BeingSuman BeingSuman - 14 days ago 8x
Javascript Question

MongoDB + Node JS + Role Based Access Control (RBAC)

Am currently learning MEAN stack, developing a simple TODO's app and want to implement Role Based Access Control (RBAC) for that. How do i set up roles & permission on MongoDB.

I want 3 roles (roles may look funny but this is purely to learn) :

  • GOD


  • MAN

GOD - similar to super admin, can do anything in the application. C,R,U,D permissions for TODO's and for other users too. Can Create a TODO & assign it to any SUPER HERO or MAN directly. Update or Delete either a TODO or a User at any point in time.

SUPER HERO - similar to admin, has super power to do anything on his personal Data - C,R,U,D for TODO's. Can't create any users. Can only Read & add comments for TODO's created by GOD & assigned to him/her.

MAN - Can only Read and add comments to TODO's assigned to him/her.

To sum it up :

GOD - C,R,U,D [Global Level]
SUPER HERO - C,R,U,D [Private] + R,U [Assigned to him]
MAN - R,U [Assigned to him]

I understand that i need to have USERS & ROLES collections. Where ROLES inturn should have PERMISSIONS etc. How do i wire them all ?


I like names given to roles - GOD, SUPER HERO & MAN, easy to understand.

As you are using MEAN stack and much of routes validation happens on node, i would prefer keeping roles table simple.

Roles :

_id : 1,
name : GOD,
golbalPerms : true
_id : 2,
name : SUPER HERO,
privatePerms : true
_id : 3,
name : MAN

Users :

_id : 111,
name : Jesus,
roleId : 1
_id : 222,
name : BatMan,
roleId : 2
_id : 333,
name : Jack,
roleId : 3

When user logs in and sending user object back to client, make sure to replace roleId with corresponding role object from DB.

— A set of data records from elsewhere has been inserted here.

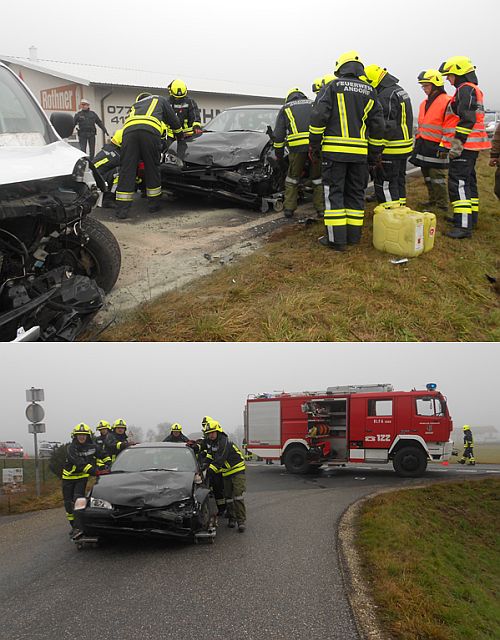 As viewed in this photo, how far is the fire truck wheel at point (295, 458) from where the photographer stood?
11617 mm

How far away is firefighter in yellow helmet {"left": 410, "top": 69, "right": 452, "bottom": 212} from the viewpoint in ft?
25.3

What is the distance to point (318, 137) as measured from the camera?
631 centimetres

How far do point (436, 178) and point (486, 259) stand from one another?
1.80 m

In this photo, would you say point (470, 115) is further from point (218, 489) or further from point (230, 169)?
point (218, 489)

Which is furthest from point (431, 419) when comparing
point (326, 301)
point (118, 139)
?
point (118, 139)

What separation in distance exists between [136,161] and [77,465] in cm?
347

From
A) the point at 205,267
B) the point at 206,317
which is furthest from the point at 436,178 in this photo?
the point at 206,317

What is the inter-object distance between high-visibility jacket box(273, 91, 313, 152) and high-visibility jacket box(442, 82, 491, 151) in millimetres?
1741

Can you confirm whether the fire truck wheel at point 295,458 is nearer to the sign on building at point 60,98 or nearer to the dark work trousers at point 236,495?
the dark work trousers at point 236,495

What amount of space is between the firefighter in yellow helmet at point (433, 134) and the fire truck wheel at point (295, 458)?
5.56 metres

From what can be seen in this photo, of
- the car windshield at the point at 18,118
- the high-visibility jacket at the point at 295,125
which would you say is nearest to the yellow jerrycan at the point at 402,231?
the high-visibility jacket at the point at 295,125

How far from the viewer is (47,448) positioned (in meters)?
6.34

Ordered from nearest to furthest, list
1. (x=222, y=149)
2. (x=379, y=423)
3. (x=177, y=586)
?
1. (x=177, y=586)
2. (x=222, y=149)
3. (x=379, y=423)

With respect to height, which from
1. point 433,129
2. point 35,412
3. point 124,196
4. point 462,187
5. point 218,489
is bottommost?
point 218,489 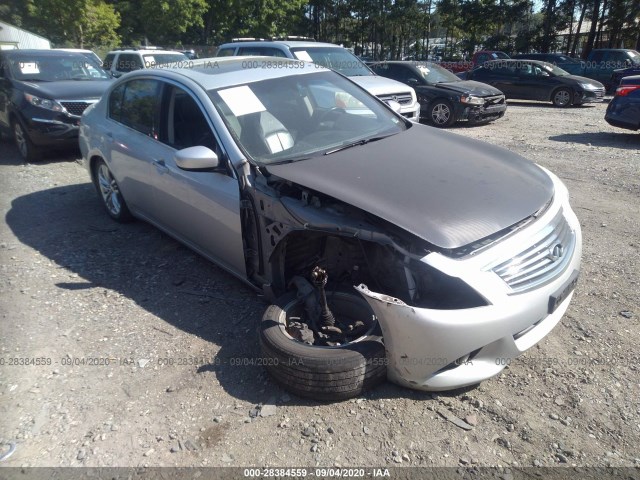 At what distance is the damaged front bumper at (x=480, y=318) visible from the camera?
7.88 ft

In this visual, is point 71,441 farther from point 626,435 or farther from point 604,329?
point 604,329

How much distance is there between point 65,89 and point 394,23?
108 feet

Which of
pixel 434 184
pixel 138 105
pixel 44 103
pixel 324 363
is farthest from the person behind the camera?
pixel 44 103

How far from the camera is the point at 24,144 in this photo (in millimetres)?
8109

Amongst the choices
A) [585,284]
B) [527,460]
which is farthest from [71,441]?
[585,284]

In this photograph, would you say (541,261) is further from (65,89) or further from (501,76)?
(501,76)

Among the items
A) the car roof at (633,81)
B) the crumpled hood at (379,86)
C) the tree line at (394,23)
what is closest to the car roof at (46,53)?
the crumpled hood at (379,86)

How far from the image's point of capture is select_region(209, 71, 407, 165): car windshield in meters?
3.45

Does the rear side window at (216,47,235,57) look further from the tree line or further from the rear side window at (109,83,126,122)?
the tree line

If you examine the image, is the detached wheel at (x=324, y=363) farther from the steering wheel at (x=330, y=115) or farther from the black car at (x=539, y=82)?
the black car at (x=539, y=82)

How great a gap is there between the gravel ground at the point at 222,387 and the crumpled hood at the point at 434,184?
98 centimetres

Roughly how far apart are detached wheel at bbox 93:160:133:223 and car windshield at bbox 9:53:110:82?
175 inches

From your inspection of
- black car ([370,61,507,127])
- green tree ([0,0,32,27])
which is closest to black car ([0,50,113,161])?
green tree ([0,0,32,27])

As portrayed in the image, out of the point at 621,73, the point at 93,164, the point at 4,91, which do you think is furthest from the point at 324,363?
the point at 621,73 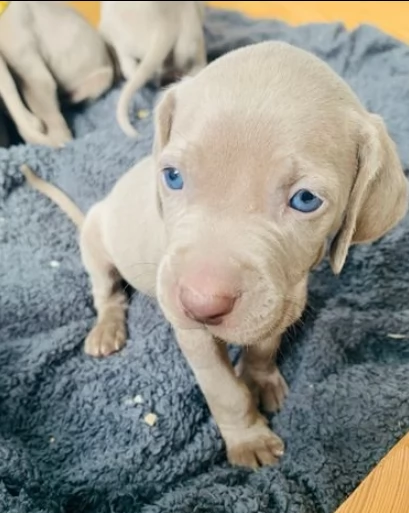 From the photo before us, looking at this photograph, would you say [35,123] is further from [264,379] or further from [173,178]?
[173,178]

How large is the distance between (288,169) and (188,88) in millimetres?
391

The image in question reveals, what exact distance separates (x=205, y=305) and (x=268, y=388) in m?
0.96

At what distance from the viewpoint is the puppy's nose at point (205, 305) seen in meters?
1.97

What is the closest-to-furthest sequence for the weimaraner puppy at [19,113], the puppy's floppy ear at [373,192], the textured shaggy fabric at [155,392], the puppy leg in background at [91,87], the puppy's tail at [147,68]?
1. the puppy's floppy ear at [373,192]
2. the textured shaggy fabric at [155,392]
3. the weimaraner puppy at [19,113]
4. the puppy's tail at [147,68]
5. the puppy leg in background at [91,87]

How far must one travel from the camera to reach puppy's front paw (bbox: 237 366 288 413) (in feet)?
9.30

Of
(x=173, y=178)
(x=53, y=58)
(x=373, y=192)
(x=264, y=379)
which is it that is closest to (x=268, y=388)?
(x=264, y=379)

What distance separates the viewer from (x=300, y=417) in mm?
2711

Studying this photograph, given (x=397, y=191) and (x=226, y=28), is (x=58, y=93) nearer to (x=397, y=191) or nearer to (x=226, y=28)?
(x=226, y=28)

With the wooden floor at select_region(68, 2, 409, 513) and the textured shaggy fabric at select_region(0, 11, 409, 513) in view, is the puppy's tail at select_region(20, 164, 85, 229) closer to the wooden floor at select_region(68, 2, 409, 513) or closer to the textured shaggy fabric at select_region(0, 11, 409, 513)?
the textured shaggy fabric at select_region(0, 11, 409, 513)

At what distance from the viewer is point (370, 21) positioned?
14.5 feet

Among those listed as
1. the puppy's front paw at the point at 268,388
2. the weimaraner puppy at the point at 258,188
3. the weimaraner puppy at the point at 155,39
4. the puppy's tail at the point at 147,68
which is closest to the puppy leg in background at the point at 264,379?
the puppy's front paw at the point at 268,388

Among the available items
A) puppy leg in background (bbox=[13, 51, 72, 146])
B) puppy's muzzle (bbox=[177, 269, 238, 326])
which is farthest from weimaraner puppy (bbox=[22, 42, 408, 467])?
puppy leg in background (bbox=[13, 51, 72, 146])

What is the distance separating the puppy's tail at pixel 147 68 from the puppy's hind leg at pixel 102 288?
2.96 ft

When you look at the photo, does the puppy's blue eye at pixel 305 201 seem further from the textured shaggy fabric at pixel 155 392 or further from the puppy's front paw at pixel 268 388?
the puppy's front paw at pixel 268 388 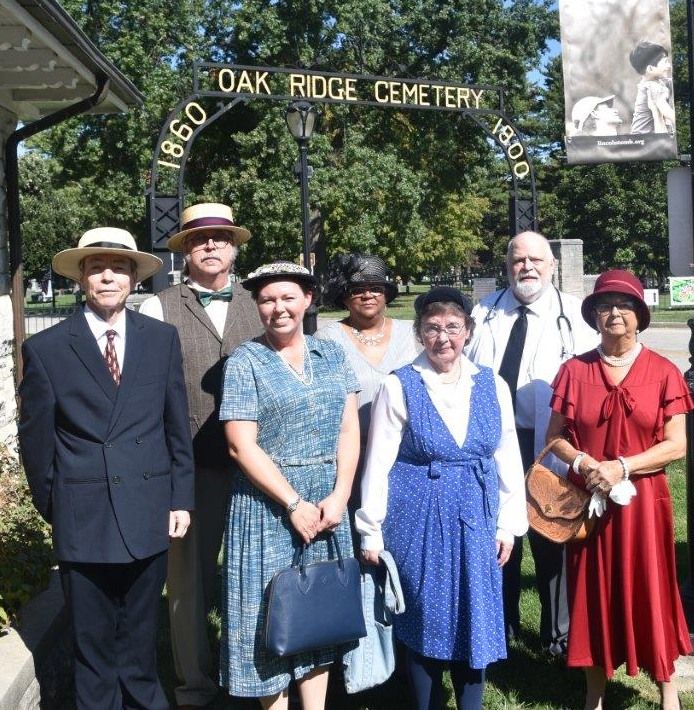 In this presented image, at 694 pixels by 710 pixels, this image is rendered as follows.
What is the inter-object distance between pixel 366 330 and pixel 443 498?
0.99 meters

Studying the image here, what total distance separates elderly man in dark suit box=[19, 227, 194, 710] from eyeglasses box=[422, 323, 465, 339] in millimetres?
994

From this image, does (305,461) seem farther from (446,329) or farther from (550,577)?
(550,577)

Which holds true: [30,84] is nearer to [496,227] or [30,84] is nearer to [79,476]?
[79,476]

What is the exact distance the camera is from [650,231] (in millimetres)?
46500

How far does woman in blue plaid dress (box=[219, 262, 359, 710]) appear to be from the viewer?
3.20 metres

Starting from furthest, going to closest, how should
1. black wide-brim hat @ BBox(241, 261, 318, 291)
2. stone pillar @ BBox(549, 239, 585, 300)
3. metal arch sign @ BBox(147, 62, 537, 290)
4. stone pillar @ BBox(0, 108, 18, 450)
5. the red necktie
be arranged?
stone pillar @ BBox(549, 239, 585, 300), metal arch sign @ BBox(147, 62, 537, 290), stone pillar @ BBox(0, 108, 18, 450), black wide-brim hat @ BBox(241, 261, 318, 291), the red necktie

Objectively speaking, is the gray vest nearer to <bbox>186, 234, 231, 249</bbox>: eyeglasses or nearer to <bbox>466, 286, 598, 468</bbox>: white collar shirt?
<bbox>186, 234, 231, 249</bbox>: eyeglasses

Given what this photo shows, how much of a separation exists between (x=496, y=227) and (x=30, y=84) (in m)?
63.4

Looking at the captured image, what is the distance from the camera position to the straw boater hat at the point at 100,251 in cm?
312

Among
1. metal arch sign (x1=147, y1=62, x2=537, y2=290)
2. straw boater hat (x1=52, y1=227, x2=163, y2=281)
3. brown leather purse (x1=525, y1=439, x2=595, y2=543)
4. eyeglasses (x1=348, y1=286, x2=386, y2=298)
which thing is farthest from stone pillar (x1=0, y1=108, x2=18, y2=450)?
metal arch sign (x1=147, y1=62, x2=537, y2=290)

Coming to code on Node JS :

By completely understanding your usecase we can divide them into following methods -

  • CreateUser

  • CreateTodo

  • DeleteTodo

  • ReadTodo

  • UpdateTodo
  • CommentTodo

  • AssignTodo

Lets go step by step, CreateUser.

Routes code snippet :

app.all('/users', users.requiresLogin);

// Users Routes
    .post(users.hasPerms('globalPerms'), users.create);

In your Controller you can validate based on the input globalPerms, if validated allow to create user by calling next() else return with corresponding error message.

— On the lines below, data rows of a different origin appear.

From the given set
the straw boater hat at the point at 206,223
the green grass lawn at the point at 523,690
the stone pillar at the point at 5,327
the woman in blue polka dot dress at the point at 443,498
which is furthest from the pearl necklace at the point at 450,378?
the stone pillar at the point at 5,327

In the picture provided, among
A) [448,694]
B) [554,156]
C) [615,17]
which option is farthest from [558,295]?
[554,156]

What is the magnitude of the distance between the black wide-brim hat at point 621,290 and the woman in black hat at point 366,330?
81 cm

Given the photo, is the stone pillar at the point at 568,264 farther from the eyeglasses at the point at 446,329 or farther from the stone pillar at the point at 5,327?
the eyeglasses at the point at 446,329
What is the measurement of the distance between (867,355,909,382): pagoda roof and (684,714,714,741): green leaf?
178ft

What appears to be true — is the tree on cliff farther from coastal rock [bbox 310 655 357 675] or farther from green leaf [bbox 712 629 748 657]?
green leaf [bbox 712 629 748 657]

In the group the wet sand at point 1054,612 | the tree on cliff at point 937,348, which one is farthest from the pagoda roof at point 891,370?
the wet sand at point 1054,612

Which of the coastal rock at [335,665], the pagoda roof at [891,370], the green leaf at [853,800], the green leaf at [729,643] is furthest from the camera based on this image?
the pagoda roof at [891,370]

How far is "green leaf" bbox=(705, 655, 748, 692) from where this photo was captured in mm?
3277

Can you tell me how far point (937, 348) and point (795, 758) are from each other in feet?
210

Now CreateTodo && DeleteTodo :

Both of them pretty much work on same logic with a small trick.

Routes code snippet :

app.all('/todos', users.requiresLogin);

// Users Routes
    .post(users.hasPerms('globalPerms','privatePerms'), todos.create);
    .delete(users.hasPerms('globalPerms','privatePerms'), todos.delete);

For creating a Todo, globalPerms are with GOD & privatePerms are with SUPER HERO, both of them can be allowed.

Trick here will be in todos.delete method, just ensure === todos.createById else SUPER HERO may go on to delete Todos created by GOD.

ReadTodo :

When a TODO is created it should have a createById stored likewise when a TODO is assigned to someone then assignedTo and assignedBy should be recorded too.

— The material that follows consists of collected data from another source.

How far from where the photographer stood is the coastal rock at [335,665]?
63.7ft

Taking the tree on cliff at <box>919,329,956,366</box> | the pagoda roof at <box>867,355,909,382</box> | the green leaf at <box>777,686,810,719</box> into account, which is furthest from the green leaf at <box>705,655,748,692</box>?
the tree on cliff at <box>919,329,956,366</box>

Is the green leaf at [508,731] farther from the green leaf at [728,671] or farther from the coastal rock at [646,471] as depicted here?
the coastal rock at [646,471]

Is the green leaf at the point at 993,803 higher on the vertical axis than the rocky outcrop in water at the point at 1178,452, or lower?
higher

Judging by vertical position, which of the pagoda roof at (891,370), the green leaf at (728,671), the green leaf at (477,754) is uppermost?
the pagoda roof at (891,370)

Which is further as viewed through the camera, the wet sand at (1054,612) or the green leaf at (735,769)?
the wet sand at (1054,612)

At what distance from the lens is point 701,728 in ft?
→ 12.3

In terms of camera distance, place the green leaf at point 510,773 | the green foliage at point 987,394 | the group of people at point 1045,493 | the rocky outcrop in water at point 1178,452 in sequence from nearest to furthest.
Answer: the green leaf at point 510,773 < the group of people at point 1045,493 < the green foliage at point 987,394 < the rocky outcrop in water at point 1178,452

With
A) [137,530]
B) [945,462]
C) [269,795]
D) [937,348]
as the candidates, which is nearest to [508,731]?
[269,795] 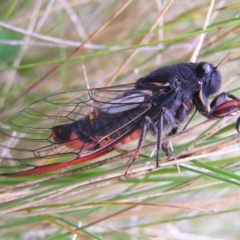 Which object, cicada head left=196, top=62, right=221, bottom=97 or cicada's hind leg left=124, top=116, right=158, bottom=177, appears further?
cicada head left=196, top=62, right=221, bottom=97

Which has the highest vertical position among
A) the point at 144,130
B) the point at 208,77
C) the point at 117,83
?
the point at 117,83

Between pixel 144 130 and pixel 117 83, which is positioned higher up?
pixel 117 83

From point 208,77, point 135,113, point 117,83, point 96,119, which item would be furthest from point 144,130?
point 117,83

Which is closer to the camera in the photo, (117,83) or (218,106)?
(218,106)

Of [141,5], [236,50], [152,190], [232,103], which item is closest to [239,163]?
[232,103]

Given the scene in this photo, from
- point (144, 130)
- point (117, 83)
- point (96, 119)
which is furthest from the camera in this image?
point (117, 83)

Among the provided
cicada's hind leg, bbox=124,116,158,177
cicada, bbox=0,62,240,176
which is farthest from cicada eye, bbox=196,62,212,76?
cicada's hind leg, bbox=124,116,158,177

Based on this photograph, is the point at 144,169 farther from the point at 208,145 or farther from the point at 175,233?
the point at 175,233

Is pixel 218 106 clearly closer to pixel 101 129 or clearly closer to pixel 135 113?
pixel 135 113

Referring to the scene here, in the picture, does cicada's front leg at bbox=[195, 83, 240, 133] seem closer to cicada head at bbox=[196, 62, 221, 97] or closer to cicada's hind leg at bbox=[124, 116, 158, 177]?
cicada head at bbox=[196, 62, 221, 97] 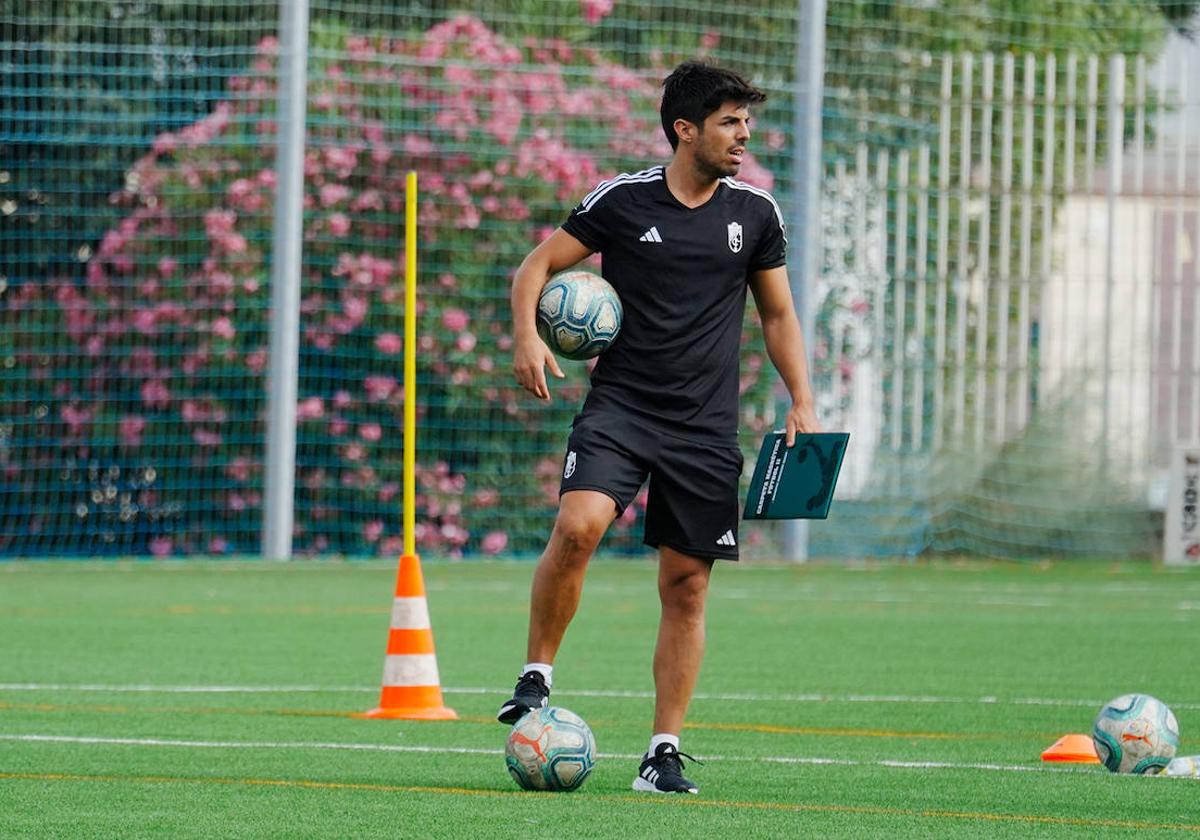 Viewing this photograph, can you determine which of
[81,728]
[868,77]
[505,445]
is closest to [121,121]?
[505,445]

This makes lot of other operations easy to handle.

user.role.globalPerms - give GOD all TODO's data.

user.role.privatePerms - give TODO's either createdBy him/her or assigned to him/her.

user.role.globalPerms === undefined && user.role.privatePerms === undefined - its MAN and give TODO's which are only assignedTo him.

UpdateTodo & CommentTodo :

This is exact replica of what ReadTODO does so DIY

Last one, AssignTodo :

Simple one, === todos.createdById then he can assign it to anyone.

Two things to keep in mind here :

  1. As assigning part mostly happens on your UI (Angular) front, i have given that approach of checking === todos.createdById. Logged in user any ways will see all TODO's by read operation and can assign it to anyone he/she likes.

  2. Make sure a SUPER HERO can only assign a TODO to himself or other SUPER HERO or to a MAN but not to GOD. How you show Assign to options on UI front is out of scope of this question. This is just a heads up.

Hope this was clear.

NOTE : There was no necessity to give permissions to MAN in Roles collection & we managed all possible operations with out that.